I'd like every entry transcribed word for word, with no pictures.

START Input for this task

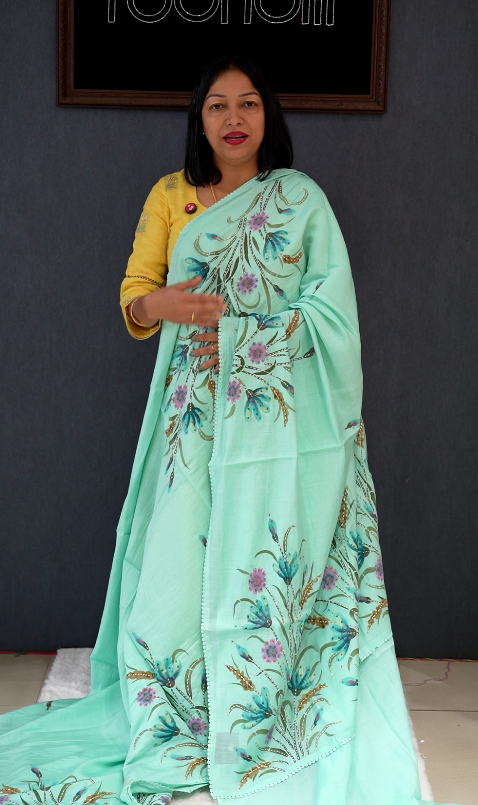 Chanderi silk  Saree -Blue shade Search code 70018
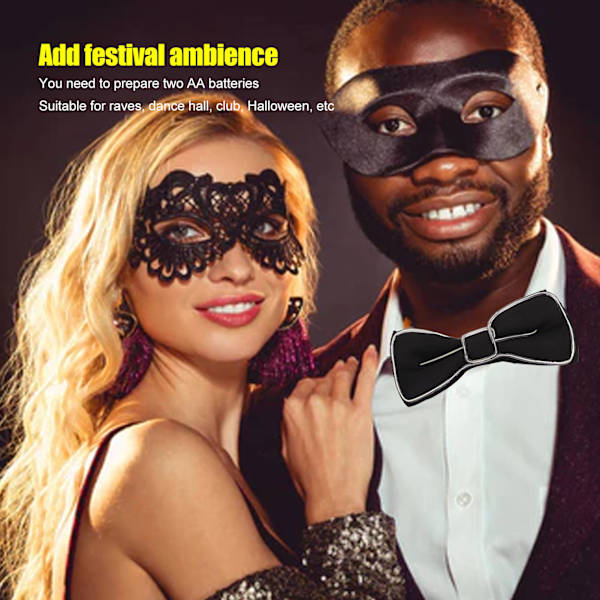LED Sløyfe Polyester Plast Kobbertråd Justerbar Glødende Slips for Fest Dans Festival Klubb Rød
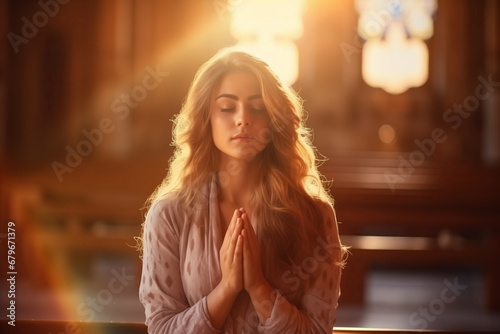 Young woman pray in church Christian life crisis prayer to god. Hands praying to god with bible on sunlight glare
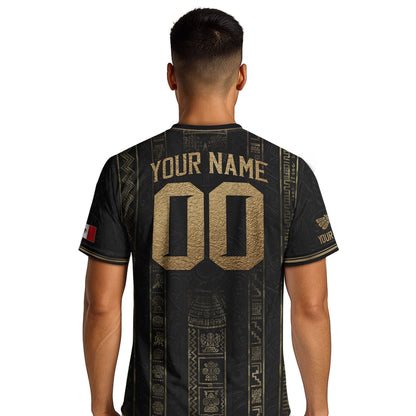 Mexico Soccer Jersey Personalized Name Number Black Aztec Glyph Black Football Kit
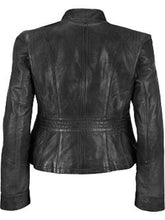 Load image into Gallery viewer, Woman&#39;s Atramentous Asymm BLack leather Jacket

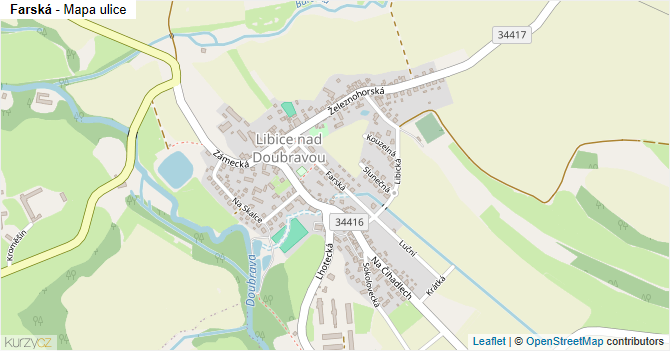 Farská - mapa ulice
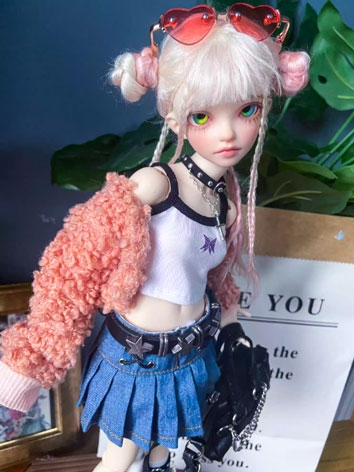 BJD Clothes Furry Coat Skirt Hot Cool Suit for DD/MSD Size Ball-jointed Doll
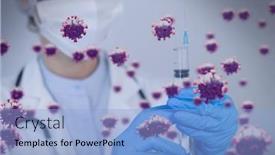  Presentation with global health - Cool new slide deck with composition-of-covid-19-cells backdrop and a light blue colored foreground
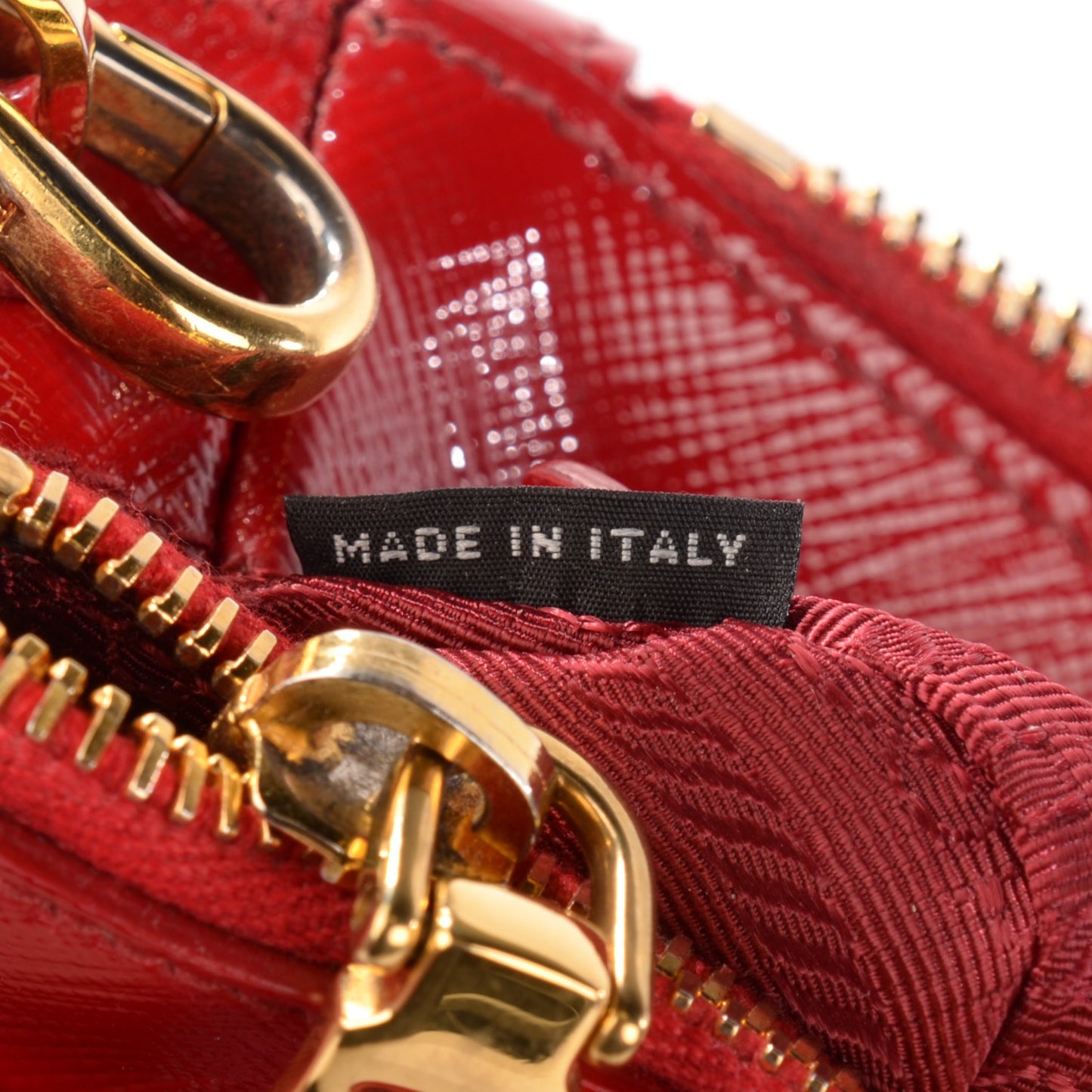 Saffiano Vernice Mini Double Zip Tote Rosso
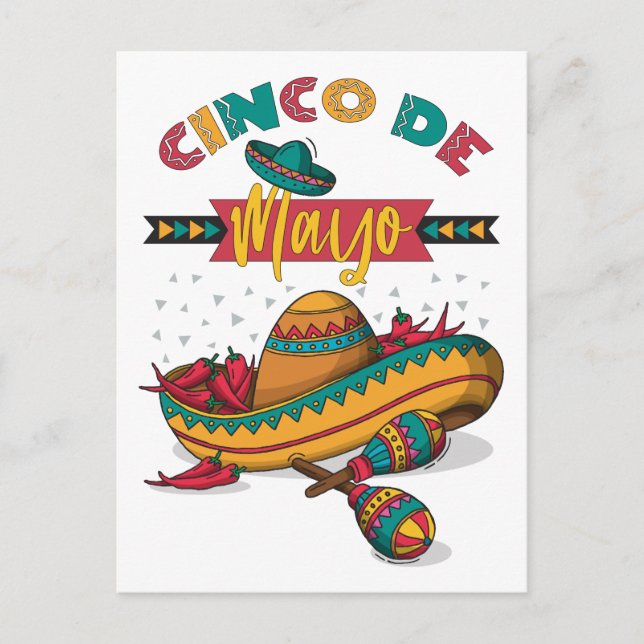 Postal Ilustracion Cinco De Mayo, 1/2 (Anverso)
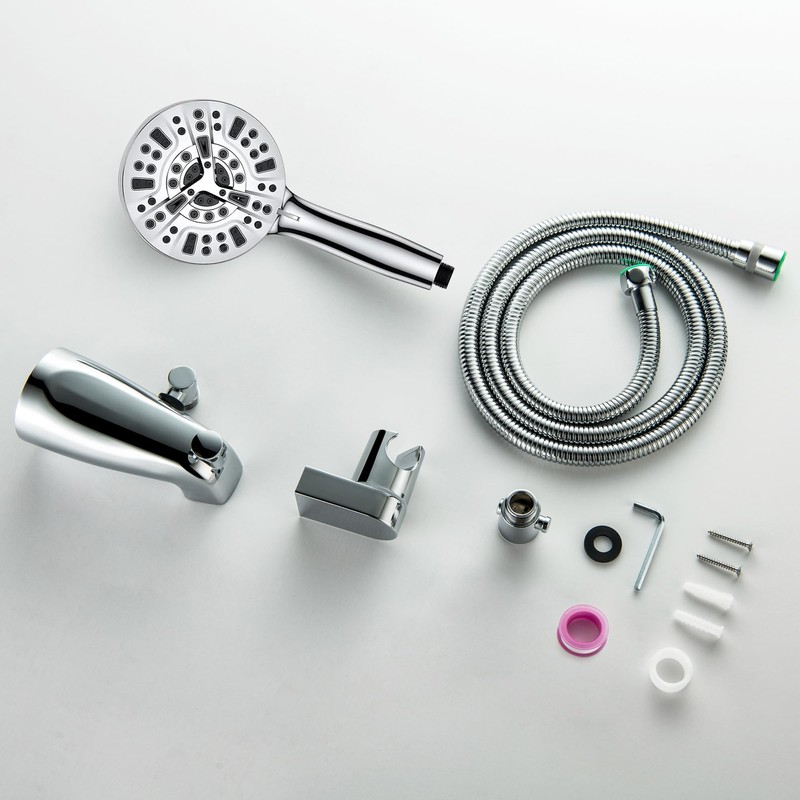 SUBEIXI Black Tub Spout with Diverter,10 Settings High Pressure Hand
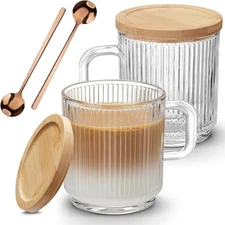2-Pack Glass Coffee Mugs with Handle and Spoon, 12 OZ Glass with Bamboo Lid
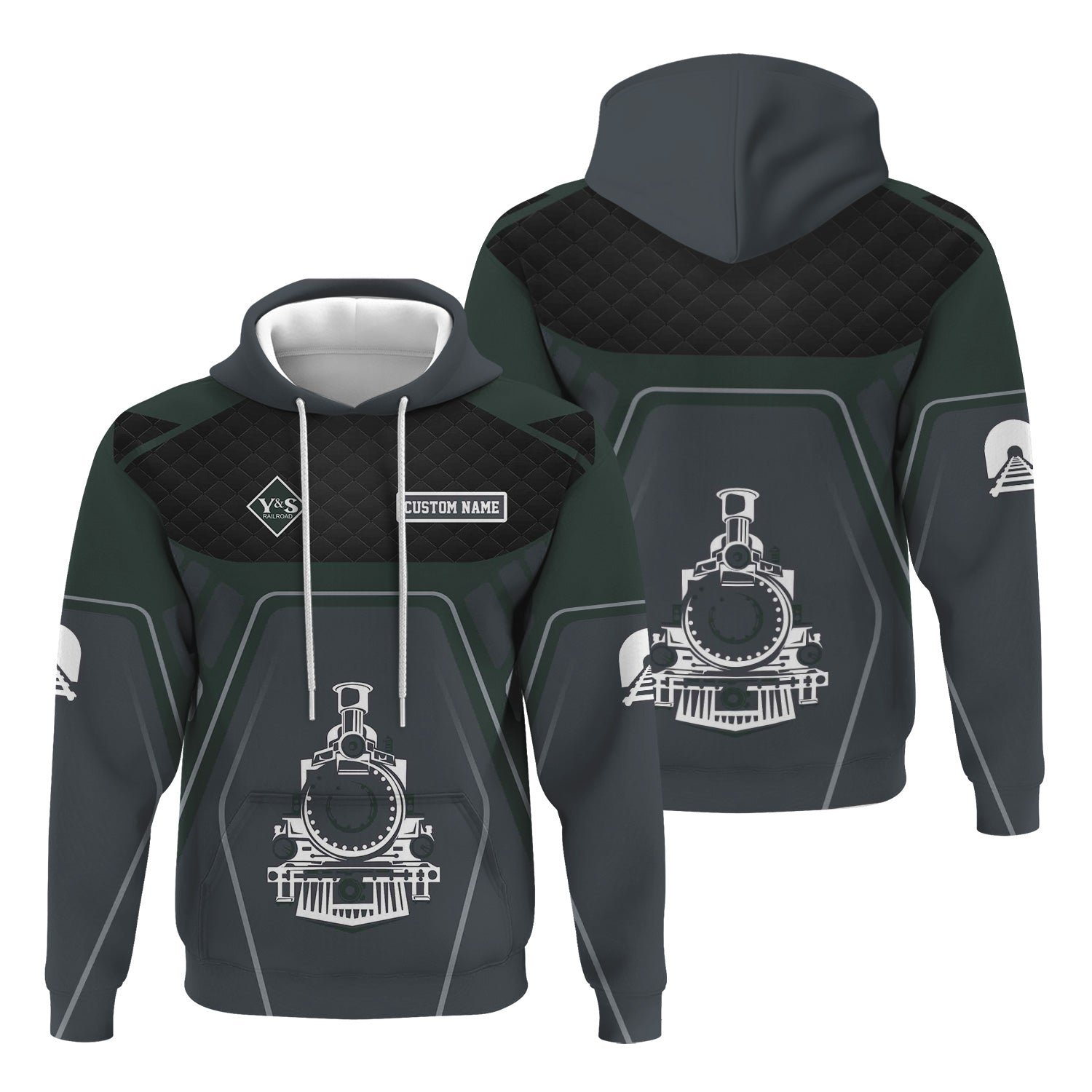 Railspirit Personalized Youngstown & Southern Railroad Hoodie Steam Locomotive Engine Graphic Train Zip Up Hoodie All Over Print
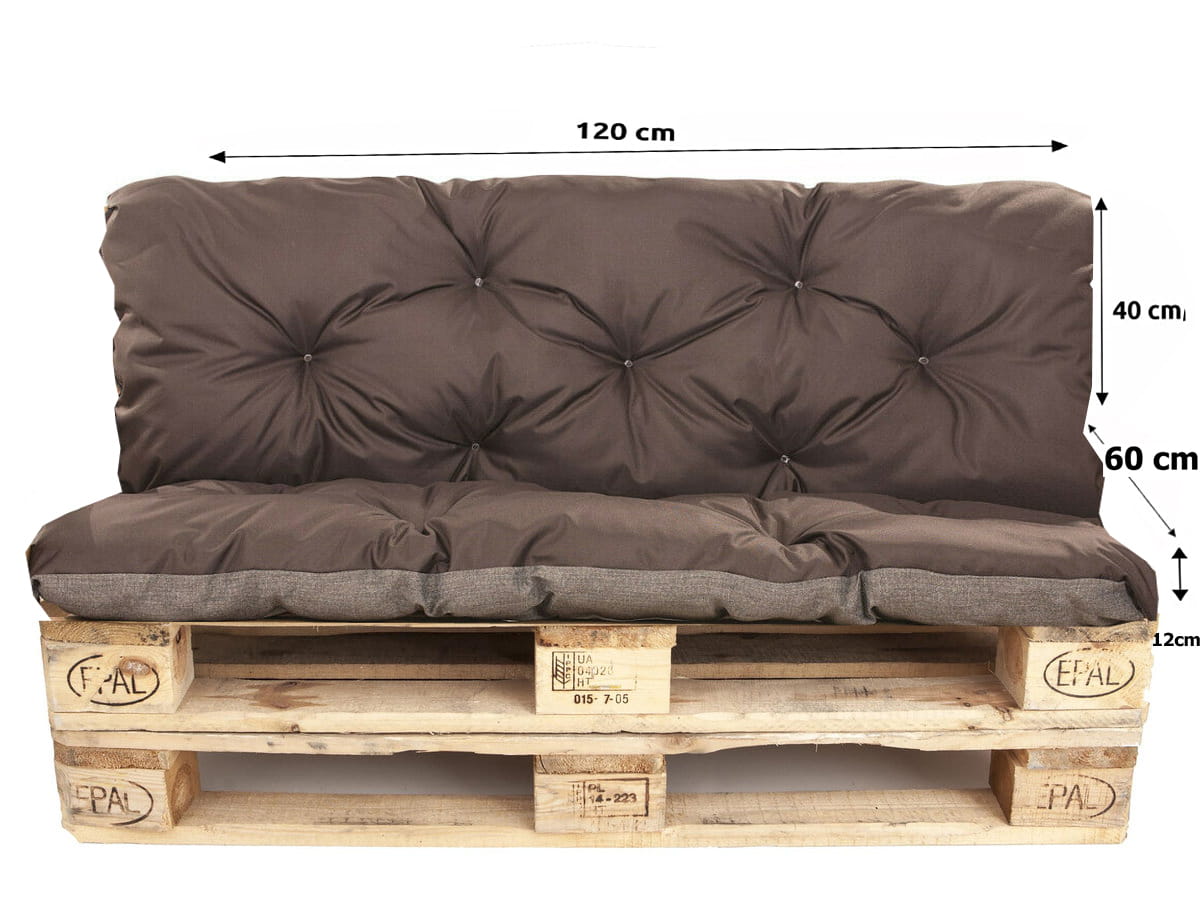 Set Coussins palettes, Assise 120 x 60 et Dossier 120 x 40cm Marron, coussins canapé / coussin pour palette in / extérieur, SETGARDEN - 2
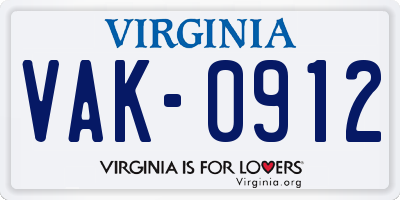 VA license plate VAK0912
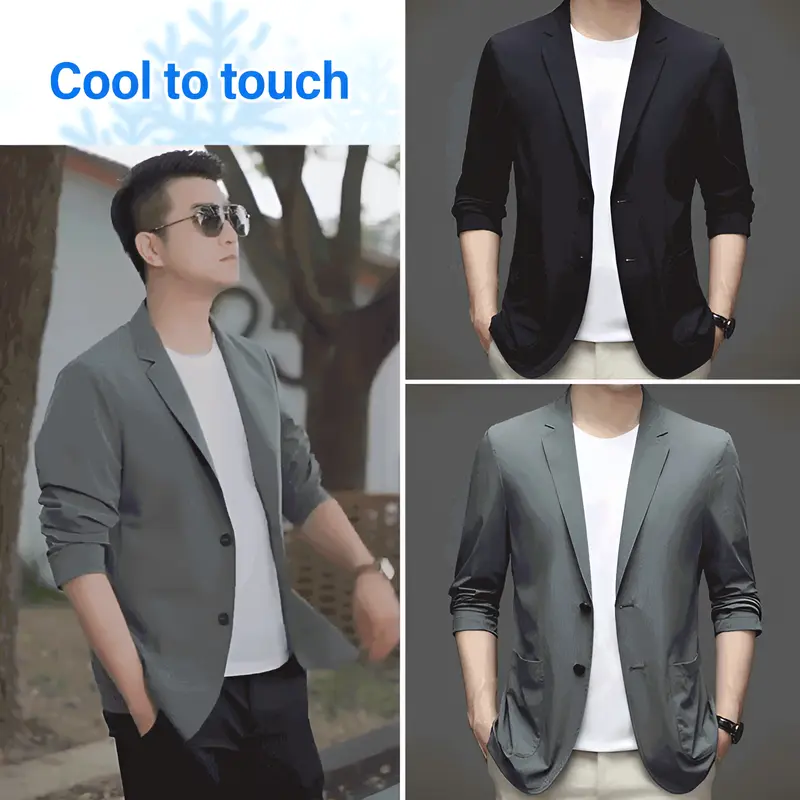 Men's Sunwear Suit Breathable High Elasticity S Ice Silk Sunwear Solid Color Casual Suit Men's Spring Thin Sunscreen Small Suit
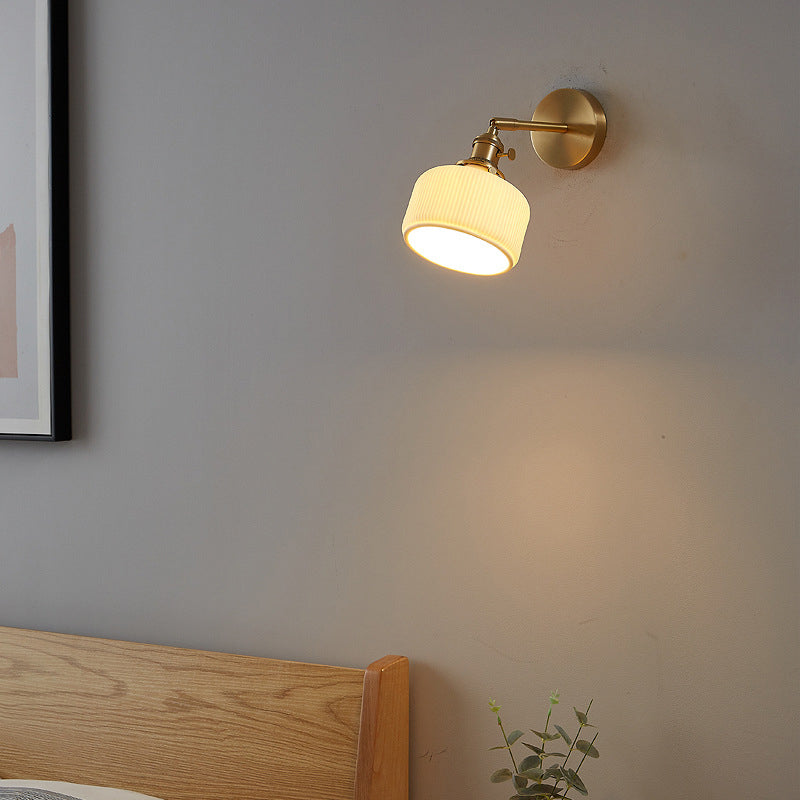 Minimalist Striped Ceramic Wall Sconce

END Input for this task

Answer:
 Chanderi silk  Saree -Blue shade Search code 70018
LED Sløyfe Polyester Plast Kobbertråd Justerbar Glødende Slips for Fest Dans Festival Klubb Rød
 Young woman pray in church Christian life crisis prayer to god. Hands praying to god with bible on sunlight glare
 Mexico Soccer Jersey Personalized Name Number Black Aztec Glyph Black Football Kit
 Load image into Gallery viewer, Woman&#39;s Atramentous Asymm BLack leather Jacket

 Farská - mapa ulice
 BJD Clothes Furry Coat Skirt Hot Cool Suit for DD/MSD Size Ball-jointed Doll
  Presentation with global health - Cool new slide deck with composition-of-covid-19-cells backdrop and a light blue colored foreground
 Saffiano Vernice Mini Double Zip Tote Rosso
 Postal Ilustracion Cinco De Mayo, 1/2 (Anverso)
 SUBEIXI Black Tub Spout with Diverter,10 Settings High Pressure Hand
2-Pack Glass Coffee Mugs with Handle and Spoon, 12 OZ Glass with Bamboo Lid
 Railspirit Personalized Youngstown & Southern Railroad Hoodie Steam Locomotive Engine Graphic Train Zip Up Hoodie All Over Print
 Set Coussins palettes, Assise 120 x 60 et Dossier 120 x 40cm Marron, coussins canapé / coussin pour palette in / extérieur, SETGARDEN - 2
 VA license plate VAK0912
 Men's Sunwear Suit Breathable High Elasticity S Ice Silk Sunwear Solid Color Casual Suit Men's Spring Thin Sunscreen Small Suit
 Minimalist Striped Ceramic Wall Sconce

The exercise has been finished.